[Instructions to follow]: Once the line containing "Load image into" is found in the entries below, restate it and each following line word for word, stopping after the line containing "Gold Frame Personalised".

[Material for this task]:
····················
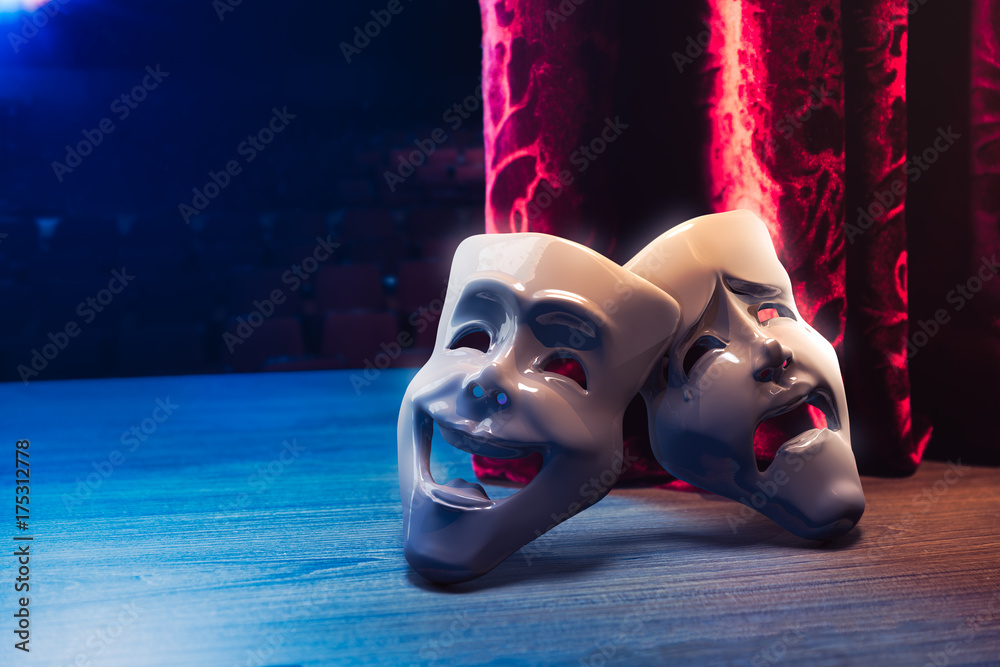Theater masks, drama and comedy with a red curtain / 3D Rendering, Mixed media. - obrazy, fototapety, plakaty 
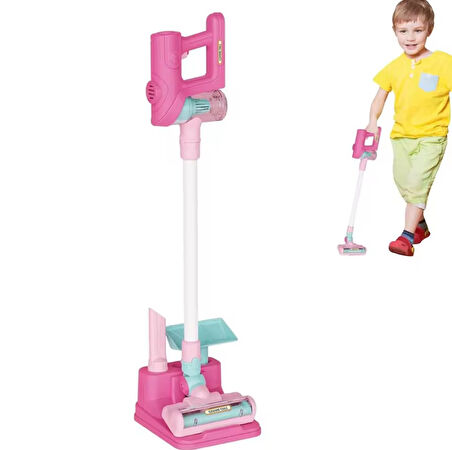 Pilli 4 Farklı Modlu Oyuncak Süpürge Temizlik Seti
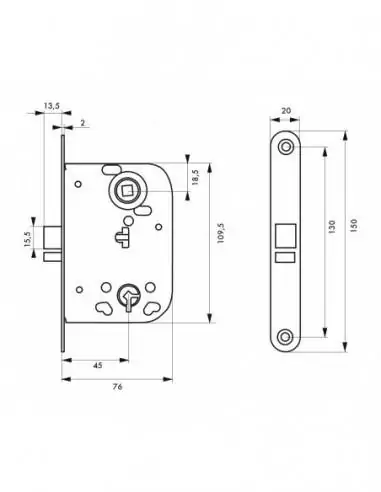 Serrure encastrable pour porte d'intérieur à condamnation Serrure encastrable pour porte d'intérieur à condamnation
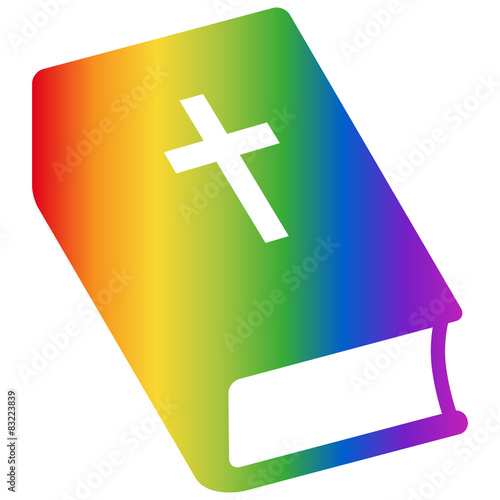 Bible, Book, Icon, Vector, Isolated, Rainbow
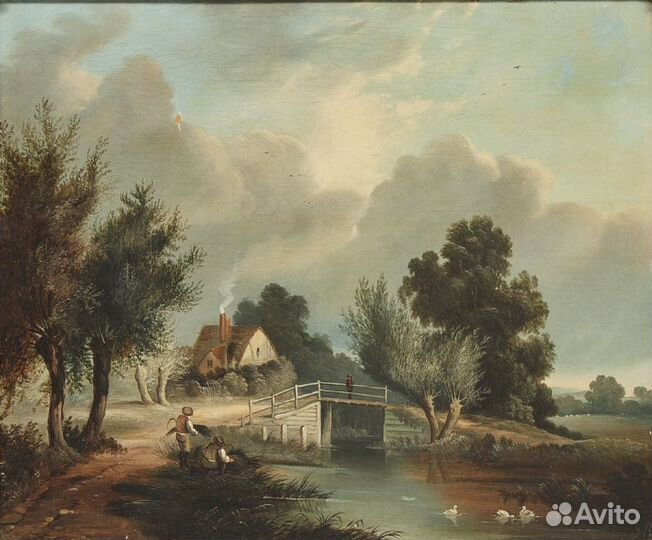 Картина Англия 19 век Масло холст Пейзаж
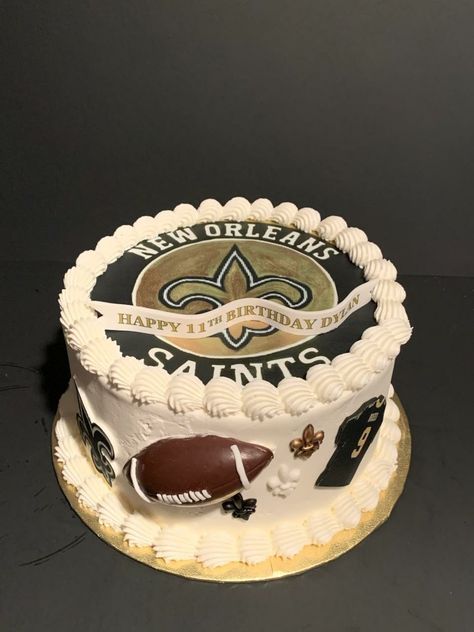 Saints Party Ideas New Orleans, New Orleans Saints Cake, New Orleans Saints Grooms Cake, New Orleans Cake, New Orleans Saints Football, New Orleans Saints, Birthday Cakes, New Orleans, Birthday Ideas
····················
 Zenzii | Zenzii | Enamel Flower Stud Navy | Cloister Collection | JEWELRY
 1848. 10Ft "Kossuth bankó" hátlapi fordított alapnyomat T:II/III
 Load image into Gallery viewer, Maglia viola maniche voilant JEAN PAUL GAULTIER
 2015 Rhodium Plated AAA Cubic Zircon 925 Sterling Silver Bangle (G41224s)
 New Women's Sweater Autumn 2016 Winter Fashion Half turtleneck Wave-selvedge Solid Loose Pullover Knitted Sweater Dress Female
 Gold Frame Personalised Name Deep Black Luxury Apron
····················
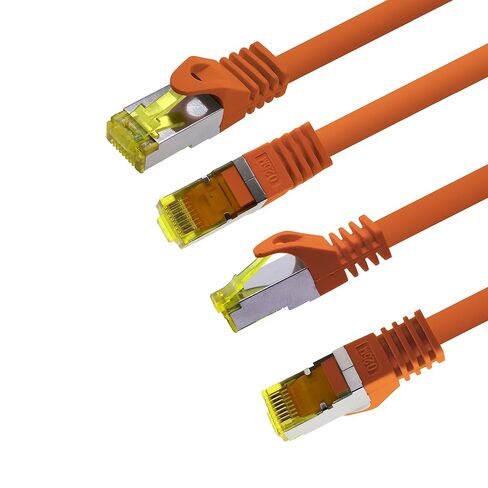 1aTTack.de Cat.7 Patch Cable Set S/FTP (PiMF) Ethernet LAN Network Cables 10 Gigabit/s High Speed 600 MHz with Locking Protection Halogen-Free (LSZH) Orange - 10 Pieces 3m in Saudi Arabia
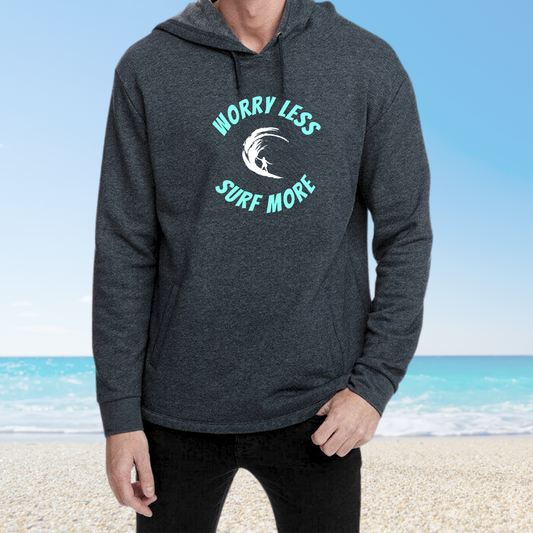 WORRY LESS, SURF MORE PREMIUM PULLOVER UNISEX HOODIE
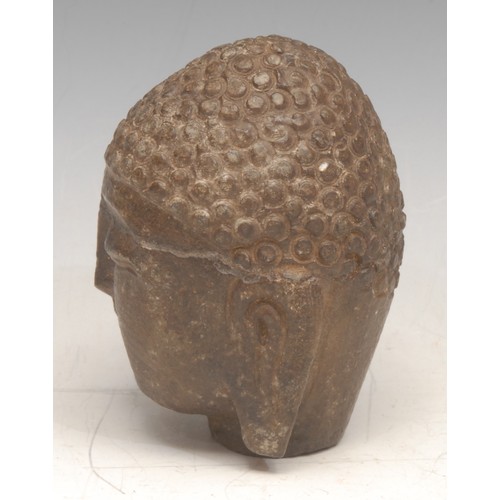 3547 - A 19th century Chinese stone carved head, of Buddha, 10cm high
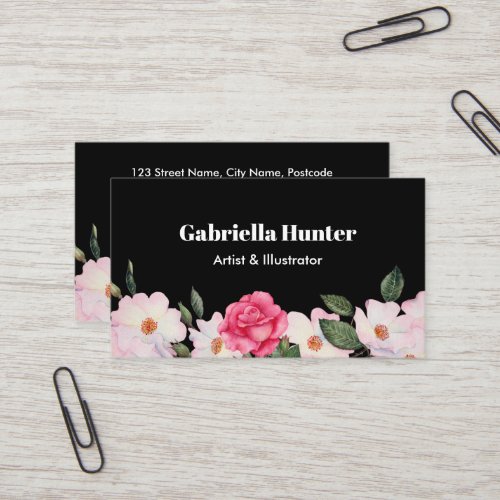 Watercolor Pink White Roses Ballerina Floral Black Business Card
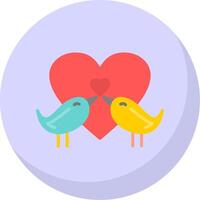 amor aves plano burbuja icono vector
····················
[The completed task]:
 Load image into Gallery viewer, Maglia viola maniche voilant JEAN PAUL GAULTIER
 2015 Rhodium Plated AAA Cubic Zircon 925 Sterling Silver Bangle (G41224s)
 New Women's Sweater Autumn 2016 Winter Fashion Half turtleneck Wave-selvedge Solid Loose Pullover Knitted Sweater Dress Female
 Gold Frame Personalised Name Deep Black Luxury Apron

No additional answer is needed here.